4. dynamic_rnn 变长序列分类

e.g. 3  直接用dynamic_rnn,LSTM判断序列是否是线性的。

# coding: utf-8
from __future__ import print_function

import tensorflow as tf
import random
import numpy as np
#  来自tensorflow21项目 第13章

class ToySequenceData(object):
    """ 生成序列数据。每个数量可能具有不同的长度。
    一共生成下面两类数据
    - 类别 0: 线性序列 (如 [0, 1, 2, 3,...])
    - 类别 1: 完全随机的序列 (i.e. [1, 3, 10, 7,...])
    注意:
    max_seq_len是最大的序列长度。对于长度小于这个数值的序列,我们将会补0。
    在送入RNN计算时,会借助sequence_length这个属性来进行相应长度的计算。
    """
    def __init__(self, n_samples=1000, max_seq_len=20, min_seq_len=3,
                 max_value=1000):
        self.data = []
        self.labels = []
        self.seqlen = []
        for i in range(n_samples):
            # 序列的长度是随机的,在min_seq_len和max_seq_len之间。
            len = random.randint(min_seq_len, max_seq_len)
            # self.seqlen用于存储所有的序列。    实际的序列长度,不算0
            self.seqlen.append(len)
            # 以50%的概率,随机添加一个线性或随机的训练
            if random.random() < .5:
                # 生成一个线性序列
                rand_start = random.randint(0, max_value - len)
                s = [[float(i)/max_value] for i in range(rand_start, rand_start + len)]
                # 长度不足max_seq_len的需要补0
                s += [[0.] for i in range(max_seq_len - len)]
                self.data.append(s)
                # 线性序列的label是[1, 0](因为我们一共只有两类)
                self.labels.append([1., 0.])
            else:
                # 生成一个随机序列
                s = [[float(random.randint(0, max_value))/max_value] for i in range(len)]
                # 长度不足max_seq_len的需要补0
                s += [[0.] for i in range(max_seq_len - len)]
                self.data.append(s)
                self.labels.append([0., 1.])
        self.batch_id = 0  # batch_id 是全局变量,因此记录了累加值

    def next(self, batch_size):
        """
        生成batch_size的样本。
        如果使用完了所有样本,会重新从头开始。
        """
        if self.batch_id == len(self.data):
            self.batch_id = 0
        batch_data = (self.data[self.batch_id:min(self.batch_id + batch_size, len(self.data))])
        batch_labels = (self.labels[self.batch_id:min(self.batch_id + batch_size, len(self.data))])
        batch_seqlen = (self.seqlen[self.batch_id:min(self.batch_id + batch_size, len(self.data))])
        self.batch_id = min(self.batch_id + batch_size, len(self.data))
        return batch_data, batch_labels, batch_seqlen


# 这一部分只是测试一下如何使用上面定义的ToySequenceData
tmp = ToySequenceData()

# 生成样本
batch_data, batch_labels, batch_seqlen = tmp.next(32)

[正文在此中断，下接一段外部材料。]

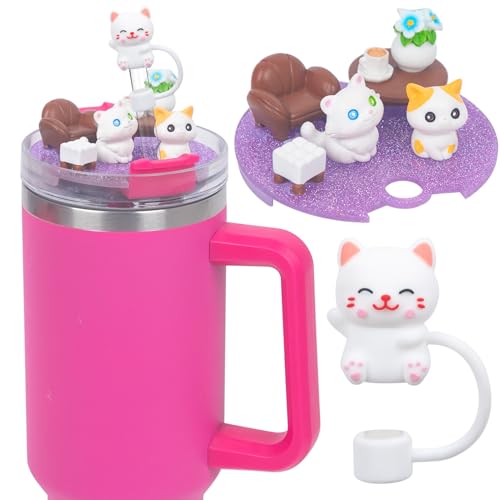 LA KEN DU Compatible with Stanley Cup Lid Accessories Charms Charms for Stanley Cups H2.0 Accessories 30oz 40oz with Silicone Straw Cover Cap for Tumblers (Cat 40oz)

# batch_data是序列数据,它是一个嵌套的list,形状为(batch_size, max_seq_len, 1)
print(np.array(batch_data).shape)  # (32, 20, 1)

# 我们之前调用tmp.next(32),因此一共有32个序列
# 我们可以打出第一个序列
print(batch_data[0])  # 形如 [[0.084], [0.085].....[0.086], [0.087], [0.088]

# batch_labels是label,它也是一个嵌套的list,形状为(batch_size, 2)
# (batch_size, 2)中的“2”表示为两类分类
print(np.array(batch_labels).shape)  # (32, 2)

# 我们可以打出第一个序列的label
print(batch_labels[0])  # [1.0, 0.0]

# batch_seqlen一个长度为batch_size的list,表示每个序列的实际长度
print(np.array(batch_seqlen).shape)  # (32,)

# 我们可以打出第一个序列的长度
print(batch_seqlen[0])


batch_data2, batch_labels2, batch_seqlen2 = tmp.next(32)
print(batch_data2[0])


# 运行的参数
learning_rate = 0.01
training_iters = 1000000
batch_size = 128
display_step = 10

# 网络定义时的参数
seq_max_len = 20 # 最大的序列长度
n_hidden = 64 # 隐层的size
n_classes = 2 # 类别数

trainset = ToySequenceData(n_samples=1000, max_seq_len=seq_max_len)
testset = ToySequenceData(n_samples=500, max_seq_len=seq_max_len)

# x为输入,y为输出
# None的位置实际为batch_size
x = tf.placeholder("float", [None, seq_max_len, 1])
y = tf.placeholder("float", [None, n_classes])
# 这个placeholder存储了输入的x中,每个序列的实际长度
seqlen = tf.placeholder(tf.int32, [None])

# weights和bias在输出时会用到
weights = {
    'out': tf.Variable(tf.random_normal([n_hidden, n_classes]))
}
biases = {
    'out': tf.Variable(tf.random_normal([n_classes]))
}

def dynamicRNN(x, seqlen, weights, biases):

    # 输入x的形状: (batch_size, max_seq_len, n_input)
    # 输入seqlen的形状:(batch_size, )
    

    # 定义一个lstm_cell,隐层的大小为n_hidden(之前的参数)
    lstm_cell = tf.nn.rnn_cell.BasicLSTMCell(n_hidden)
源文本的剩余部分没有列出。